Tell how many lines of the material below hold "Used". The reply is that number alone.
Supplied records section start
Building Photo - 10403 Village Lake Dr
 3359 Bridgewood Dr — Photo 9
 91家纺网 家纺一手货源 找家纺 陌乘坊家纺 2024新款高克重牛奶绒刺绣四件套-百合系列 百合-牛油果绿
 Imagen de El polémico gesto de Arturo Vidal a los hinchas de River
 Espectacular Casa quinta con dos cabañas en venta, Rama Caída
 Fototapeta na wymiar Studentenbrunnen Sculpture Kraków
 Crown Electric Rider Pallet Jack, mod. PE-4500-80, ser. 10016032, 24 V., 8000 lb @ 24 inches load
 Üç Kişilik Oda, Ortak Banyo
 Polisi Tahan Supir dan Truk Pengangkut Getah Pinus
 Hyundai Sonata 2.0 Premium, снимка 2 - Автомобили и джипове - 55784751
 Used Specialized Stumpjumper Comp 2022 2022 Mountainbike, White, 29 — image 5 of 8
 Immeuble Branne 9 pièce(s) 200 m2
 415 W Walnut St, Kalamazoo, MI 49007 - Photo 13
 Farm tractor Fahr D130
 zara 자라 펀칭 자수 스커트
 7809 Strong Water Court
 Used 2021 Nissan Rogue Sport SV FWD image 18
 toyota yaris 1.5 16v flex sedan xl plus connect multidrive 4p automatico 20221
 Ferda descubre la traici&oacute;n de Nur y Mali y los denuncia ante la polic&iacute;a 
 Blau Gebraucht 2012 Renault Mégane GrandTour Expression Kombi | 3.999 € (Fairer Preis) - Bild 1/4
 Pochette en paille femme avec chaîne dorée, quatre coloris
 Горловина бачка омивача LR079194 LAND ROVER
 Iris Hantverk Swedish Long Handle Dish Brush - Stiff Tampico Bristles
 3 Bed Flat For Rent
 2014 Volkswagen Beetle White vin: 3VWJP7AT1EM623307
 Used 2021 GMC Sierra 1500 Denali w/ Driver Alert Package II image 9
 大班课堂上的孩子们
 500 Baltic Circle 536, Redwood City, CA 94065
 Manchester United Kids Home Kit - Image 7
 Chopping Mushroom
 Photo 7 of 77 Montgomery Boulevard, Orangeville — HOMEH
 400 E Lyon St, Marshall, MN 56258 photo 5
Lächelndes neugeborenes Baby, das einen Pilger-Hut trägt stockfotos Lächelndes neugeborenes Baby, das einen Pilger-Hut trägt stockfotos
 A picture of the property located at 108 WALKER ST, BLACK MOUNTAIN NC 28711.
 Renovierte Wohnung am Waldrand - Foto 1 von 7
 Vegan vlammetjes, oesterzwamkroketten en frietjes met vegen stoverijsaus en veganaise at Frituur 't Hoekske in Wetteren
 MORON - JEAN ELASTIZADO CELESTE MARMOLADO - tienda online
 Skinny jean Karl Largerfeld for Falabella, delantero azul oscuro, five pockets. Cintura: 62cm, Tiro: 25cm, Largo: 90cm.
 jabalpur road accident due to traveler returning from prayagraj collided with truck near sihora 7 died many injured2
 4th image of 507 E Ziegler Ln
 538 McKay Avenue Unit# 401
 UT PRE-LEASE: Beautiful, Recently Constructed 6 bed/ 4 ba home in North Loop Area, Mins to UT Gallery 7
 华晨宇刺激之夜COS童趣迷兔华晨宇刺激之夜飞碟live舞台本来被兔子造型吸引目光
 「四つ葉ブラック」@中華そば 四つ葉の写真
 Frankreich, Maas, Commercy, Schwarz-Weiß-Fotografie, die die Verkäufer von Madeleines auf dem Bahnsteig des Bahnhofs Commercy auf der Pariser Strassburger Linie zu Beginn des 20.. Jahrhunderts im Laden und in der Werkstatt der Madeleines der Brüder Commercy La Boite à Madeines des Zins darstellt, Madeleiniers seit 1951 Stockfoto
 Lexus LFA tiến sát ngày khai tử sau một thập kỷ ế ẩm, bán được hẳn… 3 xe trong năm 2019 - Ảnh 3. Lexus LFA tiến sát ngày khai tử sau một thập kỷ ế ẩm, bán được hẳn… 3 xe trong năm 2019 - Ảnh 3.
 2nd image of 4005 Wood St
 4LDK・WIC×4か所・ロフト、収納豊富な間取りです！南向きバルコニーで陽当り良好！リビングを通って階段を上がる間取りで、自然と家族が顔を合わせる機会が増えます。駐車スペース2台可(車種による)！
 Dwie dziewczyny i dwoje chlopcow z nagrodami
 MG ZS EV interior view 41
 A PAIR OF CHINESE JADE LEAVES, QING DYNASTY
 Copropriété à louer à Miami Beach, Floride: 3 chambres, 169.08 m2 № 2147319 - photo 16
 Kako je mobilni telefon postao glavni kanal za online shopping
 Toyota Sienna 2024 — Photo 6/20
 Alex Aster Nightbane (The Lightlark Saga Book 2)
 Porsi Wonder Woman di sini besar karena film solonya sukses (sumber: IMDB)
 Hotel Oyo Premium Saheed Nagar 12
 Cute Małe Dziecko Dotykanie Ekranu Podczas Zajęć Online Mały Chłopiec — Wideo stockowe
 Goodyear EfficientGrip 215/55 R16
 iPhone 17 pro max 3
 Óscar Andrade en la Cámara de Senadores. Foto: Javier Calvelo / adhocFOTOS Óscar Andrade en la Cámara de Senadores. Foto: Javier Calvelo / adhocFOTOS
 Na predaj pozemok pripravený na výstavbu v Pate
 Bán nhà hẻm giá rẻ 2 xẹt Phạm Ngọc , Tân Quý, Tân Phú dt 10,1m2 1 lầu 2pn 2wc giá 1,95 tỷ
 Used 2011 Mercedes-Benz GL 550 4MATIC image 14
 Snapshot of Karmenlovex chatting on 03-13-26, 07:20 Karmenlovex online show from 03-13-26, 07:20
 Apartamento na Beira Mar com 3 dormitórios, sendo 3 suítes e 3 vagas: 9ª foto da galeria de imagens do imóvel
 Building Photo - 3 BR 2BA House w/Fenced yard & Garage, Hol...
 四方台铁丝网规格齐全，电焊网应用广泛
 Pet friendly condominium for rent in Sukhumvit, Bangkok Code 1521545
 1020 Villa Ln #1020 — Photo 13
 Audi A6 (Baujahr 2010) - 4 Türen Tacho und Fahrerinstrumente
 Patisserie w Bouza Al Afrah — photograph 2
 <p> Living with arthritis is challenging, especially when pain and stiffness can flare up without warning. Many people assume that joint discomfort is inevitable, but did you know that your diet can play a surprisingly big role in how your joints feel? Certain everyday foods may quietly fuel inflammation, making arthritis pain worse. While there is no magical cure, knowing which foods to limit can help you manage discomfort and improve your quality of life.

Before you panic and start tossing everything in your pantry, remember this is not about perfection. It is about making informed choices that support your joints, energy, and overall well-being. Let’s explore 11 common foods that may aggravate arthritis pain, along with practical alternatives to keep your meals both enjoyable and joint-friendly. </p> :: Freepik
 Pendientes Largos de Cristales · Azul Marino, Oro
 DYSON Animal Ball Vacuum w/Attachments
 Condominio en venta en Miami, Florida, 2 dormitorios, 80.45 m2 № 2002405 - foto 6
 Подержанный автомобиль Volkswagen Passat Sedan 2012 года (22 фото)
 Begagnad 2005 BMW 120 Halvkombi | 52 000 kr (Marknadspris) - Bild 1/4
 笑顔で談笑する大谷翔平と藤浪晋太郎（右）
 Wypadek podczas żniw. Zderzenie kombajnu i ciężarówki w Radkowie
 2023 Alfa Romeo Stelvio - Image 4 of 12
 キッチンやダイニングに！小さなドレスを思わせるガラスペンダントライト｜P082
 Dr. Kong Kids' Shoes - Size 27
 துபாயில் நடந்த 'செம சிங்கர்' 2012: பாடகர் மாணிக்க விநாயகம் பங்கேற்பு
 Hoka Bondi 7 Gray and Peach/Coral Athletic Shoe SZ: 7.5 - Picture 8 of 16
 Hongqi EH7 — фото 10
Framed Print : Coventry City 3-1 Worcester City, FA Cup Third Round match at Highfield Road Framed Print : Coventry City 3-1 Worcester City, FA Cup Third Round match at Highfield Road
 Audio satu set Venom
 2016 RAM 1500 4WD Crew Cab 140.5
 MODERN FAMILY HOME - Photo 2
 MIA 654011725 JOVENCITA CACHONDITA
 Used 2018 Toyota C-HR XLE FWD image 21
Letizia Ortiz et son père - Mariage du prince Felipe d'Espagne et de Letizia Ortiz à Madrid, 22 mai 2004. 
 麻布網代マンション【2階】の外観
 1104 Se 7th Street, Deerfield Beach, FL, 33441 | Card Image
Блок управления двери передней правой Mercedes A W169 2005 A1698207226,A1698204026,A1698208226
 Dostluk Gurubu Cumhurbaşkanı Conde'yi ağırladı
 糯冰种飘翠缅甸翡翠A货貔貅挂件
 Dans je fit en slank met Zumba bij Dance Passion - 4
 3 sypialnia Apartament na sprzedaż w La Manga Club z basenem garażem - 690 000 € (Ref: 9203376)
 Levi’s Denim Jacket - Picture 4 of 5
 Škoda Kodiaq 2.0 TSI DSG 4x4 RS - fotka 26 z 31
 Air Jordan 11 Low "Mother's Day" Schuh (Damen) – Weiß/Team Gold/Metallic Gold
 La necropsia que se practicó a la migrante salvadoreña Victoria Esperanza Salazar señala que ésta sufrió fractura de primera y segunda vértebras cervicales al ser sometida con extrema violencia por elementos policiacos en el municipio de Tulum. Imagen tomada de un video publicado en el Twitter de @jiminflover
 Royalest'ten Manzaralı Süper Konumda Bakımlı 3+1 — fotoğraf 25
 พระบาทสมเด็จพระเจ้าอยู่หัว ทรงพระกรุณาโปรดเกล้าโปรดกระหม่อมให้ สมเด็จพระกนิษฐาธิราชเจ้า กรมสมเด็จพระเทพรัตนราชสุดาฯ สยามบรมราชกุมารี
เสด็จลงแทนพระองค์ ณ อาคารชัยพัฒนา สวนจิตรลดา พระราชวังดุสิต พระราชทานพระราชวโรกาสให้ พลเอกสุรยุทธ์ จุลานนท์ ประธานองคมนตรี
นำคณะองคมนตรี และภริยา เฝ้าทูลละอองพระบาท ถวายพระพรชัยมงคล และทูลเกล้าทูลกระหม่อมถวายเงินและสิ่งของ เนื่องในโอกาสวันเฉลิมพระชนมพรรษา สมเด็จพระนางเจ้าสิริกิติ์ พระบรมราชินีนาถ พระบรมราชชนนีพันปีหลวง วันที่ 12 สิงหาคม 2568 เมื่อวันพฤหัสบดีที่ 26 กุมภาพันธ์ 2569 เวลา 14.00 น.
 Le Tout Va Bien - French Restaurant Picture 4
Supplied records section end
### Exercise response
5